Neufang: He died in early 1987 and emigrated after World War I to the United States from northern Germany as a poor but ambitious farmer. And, as fate often happens, just a few weeks after he died, I met in the U.S. my German now-husband of 36 years, who grew up less than hour from where my grandfather had lived.

I would ask my grandfather so much more than I ever thought to ask him as a kid—about his motivations, hopes and fears as an immigrant; about what he gave up and what he felt he gained in his new country. I'd ask him about the journey (by ship) and what it was like being "processed" through Ellis Island. He always seemed so stern to me, but my dad loves to tell jokes. So I'd ask my grandfather about his favorite stories and jokes—and about the brother he lost in that first terrible war of the 20th century, and his mother whom he lost long before that. Back then, I didn't speak any of his native language, and he was a mediocre English speaker throughout his life. Now that my German is pretty good, I would converse with him in German to learn what he missed most from the old country—and what he couldn't have lived without in his new country.

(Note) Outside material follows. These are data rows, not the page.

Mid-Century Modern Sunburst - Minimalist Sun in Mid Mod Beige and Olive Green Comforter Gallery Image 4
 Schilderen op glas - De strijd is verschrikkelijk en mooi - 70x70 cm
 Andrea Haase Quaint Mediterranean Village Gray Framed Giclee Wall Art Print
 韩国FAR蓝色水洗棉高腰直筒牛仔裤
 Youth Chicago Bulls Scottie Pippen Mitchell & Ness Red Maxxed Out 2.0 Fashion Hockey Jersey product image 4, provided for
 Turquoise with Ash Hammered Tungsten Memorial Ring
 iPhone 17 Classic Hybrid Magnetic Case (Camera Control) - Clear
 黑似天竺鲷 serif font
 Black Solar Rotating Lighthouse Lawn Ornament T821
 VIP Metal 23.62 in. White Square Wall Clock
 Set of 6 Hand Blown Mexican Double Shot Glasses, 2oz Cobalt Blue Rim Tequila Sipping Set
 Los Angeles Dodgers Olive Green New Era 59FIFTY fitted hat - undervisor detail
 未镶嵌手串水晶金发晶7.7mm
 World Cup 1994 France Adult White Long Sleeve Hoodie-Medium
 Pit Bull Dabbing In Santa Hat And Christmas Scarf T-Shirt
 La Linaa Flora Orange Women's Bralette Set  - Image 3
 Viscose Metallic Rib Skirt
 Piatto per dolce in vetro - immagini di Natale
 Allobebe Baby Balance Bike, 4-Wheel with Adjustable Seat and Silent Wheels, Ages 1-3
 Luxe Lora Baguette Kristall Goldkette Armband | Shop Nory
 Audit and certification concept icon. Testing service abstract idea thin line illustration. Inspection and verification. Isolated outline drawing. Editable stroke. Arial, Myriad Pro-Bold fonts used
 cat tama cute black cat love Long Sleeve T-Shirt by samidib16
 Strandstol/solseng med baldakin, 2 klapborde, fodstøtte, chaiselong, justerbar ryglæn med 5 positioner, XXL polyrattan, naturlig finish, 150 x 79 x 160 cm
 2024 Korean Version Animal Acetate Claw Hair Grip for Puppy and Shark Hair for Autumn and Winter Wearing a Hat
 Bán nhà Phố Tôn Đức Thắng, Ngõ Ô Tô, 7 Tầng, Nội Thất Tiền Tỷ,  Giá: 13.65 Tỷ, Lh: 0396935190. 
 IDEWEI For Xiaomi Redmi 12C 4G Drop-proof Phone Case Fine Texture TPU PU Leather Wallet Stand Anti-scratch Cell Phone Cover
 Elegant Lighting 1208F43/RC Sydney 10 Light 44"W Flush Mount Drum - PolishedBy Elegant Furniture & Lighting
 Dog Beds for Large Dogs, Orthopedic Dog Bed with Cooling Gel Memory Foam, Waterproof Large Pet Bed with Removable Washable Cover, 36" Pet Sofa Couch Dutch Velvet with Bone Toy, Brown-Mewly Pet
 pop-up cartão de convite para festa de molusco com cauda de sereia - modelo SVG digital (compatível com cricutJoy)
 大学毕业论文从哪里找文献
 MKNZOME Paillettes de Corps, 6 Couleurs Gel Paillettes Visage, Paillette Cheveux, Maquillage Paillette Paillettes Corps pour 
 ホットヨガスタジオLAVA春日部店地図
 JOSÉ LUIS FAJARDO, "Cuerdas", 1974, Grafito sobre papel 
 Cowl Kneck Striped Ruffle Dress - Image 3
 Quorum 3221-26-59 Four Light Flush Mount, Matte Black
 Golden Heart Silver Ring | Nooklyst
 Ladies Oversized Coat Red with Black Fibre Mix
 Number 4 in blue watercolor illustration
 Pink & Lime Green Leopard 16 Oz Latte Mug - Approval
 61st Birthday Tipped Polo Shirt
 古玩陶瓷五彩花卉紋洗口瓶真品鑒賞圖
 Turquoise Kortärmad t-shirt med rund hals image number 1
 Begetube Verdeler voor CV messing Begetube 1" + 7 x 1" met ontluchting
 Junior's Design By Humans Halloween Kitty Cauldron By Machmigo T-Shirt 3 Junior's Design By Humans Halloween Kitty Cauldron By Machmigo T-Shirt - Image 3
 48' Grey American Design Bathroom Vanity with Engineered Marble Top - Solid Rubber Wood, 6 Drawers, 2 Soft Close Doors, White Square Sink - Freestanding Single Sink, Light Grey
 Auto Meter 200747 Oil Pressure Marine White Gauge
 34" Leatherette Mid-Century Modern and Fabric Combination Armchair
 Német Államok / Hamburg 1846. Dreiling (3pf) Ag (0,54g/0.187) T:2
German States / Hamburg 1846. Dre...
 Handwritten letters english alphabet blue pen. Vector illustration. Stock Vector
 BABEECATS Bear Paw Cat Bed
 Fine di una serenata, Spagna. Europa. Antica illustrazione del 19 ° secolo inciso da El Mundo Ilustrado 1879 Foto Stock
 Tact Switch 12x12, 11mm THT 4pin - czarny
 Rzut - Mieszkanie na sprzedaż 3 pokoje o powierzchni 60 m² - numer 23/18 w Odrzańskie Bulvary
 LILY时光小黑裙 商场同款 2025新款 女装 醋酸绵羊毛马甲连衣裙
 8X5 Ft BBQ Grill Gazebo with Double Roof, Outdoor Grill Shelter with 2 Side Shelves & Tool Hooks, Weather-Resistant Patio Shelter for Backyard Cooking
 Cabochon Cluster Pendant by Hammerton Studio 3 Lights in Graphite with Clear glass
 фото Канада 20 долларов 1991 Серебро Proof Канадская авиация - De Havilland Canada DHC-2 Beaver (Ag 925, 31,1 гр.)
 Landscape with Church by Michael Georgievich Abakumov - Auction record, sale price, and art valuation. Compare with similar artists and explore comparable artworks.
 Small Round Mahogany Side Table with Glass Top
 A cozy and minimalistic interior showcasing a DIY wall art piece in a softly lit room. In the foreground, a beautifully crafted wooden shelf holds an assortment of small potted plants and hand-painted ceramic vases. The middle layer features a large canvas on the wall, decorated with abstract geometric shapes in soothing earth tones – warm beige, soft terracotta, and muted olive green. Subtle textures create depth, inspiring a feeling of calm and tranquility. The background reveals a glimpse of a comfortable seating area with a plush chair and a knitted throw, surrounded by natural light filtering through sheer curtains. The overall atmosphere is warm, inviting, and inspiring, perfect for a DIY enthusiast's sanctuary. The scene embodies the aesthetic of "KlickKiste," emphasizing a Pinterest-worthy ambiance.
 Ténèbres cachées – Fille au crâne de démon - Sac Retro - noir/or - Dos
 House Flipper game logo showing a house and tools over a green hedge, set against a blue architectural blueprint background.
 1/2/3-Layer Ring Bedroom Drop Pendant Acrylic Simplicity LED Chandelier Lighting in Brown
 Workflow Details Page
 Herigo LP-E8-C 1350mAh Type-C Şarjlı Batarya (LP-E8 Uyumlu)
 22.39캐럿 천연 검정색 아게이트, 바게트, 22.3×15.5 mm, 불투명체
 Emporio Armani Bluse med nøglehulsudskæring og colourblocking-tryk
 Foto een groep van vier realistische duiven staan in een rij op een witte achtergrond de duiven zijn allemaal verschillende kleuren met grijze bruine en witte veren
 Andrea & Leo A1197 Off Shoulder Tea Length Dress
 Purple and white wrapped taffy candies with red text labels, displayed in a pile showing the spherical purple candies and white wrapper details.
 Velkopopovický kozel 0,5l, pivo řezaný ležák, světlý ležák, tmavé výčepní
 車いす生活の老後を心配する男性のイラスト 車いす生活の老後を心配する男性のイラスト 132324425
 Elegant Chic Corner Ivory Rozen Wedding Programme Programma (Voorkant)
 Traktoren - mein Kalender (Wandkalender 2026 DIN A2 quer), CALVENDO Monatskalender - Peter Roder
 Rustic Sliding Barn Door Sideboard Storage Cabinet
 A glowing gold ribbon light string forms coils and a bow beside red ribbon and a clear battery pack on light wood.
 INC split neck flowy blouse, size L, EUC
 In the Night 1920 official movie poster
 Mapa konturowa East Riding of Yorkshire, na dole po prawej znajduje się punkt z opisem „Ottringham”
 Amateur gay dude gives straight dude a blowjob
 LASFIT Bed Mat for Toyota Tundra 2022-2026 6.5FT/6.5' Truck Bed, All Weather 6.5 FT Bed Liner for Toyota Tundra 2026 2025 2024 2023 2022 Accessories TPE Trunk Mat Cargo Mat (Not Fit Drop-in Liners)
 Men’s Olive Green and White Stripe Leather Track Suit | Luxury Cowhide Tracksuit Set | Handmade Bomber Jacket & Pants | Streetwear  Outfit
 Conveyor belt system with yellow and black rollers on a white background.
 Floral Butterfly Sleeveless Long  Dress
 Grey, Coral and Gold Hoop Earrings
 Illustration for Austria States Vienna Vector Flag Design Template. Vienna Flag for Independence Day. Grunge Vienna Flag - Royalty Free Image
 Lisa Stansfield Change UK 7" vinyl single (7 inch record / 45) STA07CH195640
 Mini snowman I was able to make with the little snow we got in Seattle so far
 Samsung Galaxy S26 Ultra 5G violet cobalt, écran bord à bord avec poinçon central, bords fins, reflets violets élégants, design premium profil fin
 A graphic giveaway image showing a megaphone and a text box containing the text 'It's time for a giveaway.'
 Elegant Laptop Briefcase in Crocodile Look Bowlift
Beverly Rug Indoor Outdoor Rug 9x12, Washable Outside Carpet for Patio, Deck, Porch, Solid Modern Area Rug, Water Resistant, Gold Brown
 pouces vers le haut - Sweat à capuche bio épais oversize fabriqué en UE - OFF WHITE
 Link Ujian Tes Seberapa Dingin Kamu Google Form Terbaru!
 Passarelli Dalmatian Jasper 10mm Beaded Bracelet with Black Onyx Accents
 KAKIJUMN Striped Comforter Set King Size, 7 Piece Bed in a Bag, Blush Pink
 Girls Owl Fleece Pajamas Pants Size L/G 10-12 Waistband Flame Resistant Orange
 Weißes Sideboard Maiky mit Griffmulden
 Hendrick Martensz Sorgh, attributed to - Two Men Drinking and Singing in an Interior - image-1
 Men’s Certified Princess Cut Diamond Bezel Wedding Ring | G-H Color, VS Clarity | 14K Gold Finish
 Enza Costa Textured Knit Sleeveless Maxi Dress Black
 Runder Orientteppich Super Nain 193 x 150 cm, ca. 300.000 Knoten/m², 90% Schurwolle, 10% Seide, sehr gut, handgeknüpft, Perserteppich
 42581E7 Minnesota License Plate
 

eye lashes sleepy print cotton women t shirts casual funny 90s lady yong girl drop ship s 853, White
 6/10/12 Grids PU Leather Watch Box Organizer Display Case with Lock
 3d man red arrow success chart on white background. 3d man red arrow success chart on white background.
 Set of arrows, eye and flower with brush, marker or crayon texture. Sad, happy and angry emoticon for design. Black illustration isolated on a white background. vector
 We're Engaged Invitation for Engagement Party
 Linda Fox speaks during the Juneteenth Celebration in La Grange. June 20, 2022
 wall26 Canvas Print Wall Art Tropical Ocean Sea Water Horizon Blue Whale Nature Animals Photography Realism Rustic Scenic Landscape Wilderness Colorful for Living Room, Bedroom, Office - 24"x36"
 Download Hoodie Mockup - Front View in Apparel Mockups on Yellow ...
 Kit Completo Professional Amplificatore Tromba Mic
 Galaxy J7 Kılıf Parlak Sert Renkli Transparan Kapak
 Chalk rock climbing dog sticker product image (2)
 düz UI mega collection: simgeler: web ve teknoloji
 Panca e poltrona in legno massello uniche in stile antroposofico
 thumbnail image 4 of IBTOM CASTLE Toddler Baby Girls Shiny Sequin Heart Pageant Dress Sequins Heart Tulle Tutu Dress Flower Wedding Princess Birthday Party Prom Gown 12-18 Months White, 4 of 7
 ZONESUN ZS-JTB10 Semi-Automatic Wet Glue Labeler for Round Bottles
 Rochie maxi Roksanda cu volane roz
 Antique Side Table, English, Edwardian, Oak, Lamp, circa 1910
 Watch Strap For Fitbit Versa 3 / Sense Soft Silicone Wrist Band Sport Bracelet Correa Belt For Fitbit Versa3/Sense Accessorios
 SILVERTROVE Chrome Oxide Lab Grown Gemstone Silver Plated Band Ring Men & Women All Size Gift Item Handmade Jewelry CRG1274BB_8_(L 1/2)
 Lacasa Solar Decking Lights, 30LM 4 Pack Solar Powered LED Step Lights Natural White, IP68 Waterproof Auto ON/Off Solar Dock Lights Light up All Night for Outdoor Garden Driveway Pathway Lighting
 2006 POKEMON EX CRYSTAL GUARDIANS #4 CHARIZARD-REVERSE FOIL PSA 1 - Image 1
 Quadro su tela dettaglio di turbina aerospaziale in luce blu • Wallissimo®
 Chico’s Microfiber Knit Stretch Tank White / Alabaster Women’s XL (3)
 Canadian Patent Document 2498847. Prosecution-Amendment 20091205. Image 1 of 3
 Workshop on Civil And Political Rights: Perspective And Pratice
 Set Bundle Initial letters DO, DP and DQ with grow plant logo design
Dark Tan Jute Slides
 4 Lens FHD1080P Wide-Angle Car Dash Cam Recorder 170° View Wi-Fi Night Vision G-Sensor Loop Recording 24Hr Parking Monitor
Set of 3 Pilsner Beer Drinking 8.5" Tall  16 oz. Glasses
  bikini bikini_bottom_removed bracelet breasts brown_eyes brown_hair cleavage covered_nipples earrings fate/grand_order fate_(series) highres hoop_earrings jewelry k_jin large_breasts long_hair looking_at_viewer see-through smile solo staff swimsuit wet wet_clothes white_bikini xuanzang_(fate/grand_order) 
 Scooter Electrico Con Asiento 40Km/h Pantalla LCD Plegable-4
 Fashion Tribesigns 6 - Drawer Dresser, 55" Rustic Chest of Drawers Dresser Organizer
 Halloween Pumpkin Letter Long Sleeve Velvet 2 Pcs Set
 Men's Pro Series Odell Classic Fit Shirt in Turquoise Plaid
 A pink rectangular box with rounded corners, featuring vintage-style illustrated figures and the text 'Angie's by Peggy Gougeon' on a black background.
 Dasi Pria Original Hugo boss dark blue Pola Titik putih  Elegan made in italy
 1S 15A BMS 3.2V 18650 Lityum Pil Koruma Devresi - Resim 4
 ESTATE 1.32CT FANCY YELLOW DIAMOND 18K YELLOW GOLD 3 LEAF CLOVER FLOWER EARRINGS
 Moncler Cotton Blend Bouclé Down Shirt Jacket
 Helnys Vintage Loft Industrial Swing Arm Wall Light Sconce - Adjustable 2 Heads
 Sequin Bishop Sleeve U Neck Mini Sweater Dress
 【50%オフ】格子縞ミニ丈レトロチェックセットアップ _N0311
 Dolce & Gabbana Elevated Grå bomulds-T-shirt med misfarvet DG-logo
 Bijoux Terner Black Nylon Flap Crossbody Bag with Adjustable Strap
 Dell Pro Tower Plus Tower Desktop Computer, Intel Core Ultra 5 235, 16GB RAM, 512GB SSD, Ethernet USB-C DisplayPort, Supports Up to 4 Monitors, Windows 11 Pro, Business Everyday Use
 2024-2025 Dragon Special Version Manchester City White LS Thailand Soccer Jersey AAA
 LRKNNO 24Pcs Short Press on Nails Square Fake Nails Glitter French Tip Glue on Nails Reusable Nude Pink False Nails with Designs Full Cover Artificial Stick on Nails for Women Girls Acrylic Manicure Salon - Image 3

Fortunately, I have gotten to know the subsequent family he left behind in Germany. But none of them were around when he made the decision to leave his home to seek more opportunities. Their links to him are weaker than my own. But in this world of global travel and dual nationality marriages, I am lucky to see the land that he grew up loving—and in my visits there in northern Germany, to also feel a kinship with my grandfather who left it behind but never forgot about it.

RECOMMENDATION

"The Ministry For The Future"
by Kim Stanley Robinson

Neufang: Published in 2020, author Jonathan Lethem called it "The best science-fiction nonfiction novel I've ever read." For me, reading it during Covid on the recommendation of now-GBTA Foundation staffer Bev Heinritz, it opened my eyes to (a) how everyone, yes everyone, will be affected by climate change if they're not already, and (b) the huge impact financing and associated global monetary leaders will have on bringing about ultimate solutions and new systems to combatting the climate crisis. It's science fiction and in some parts quite dismal—but as it progresses it feels more optimistic and, in some ways, so close to reality that it gave me hope that the world we want and planet we need to save are actually within reach.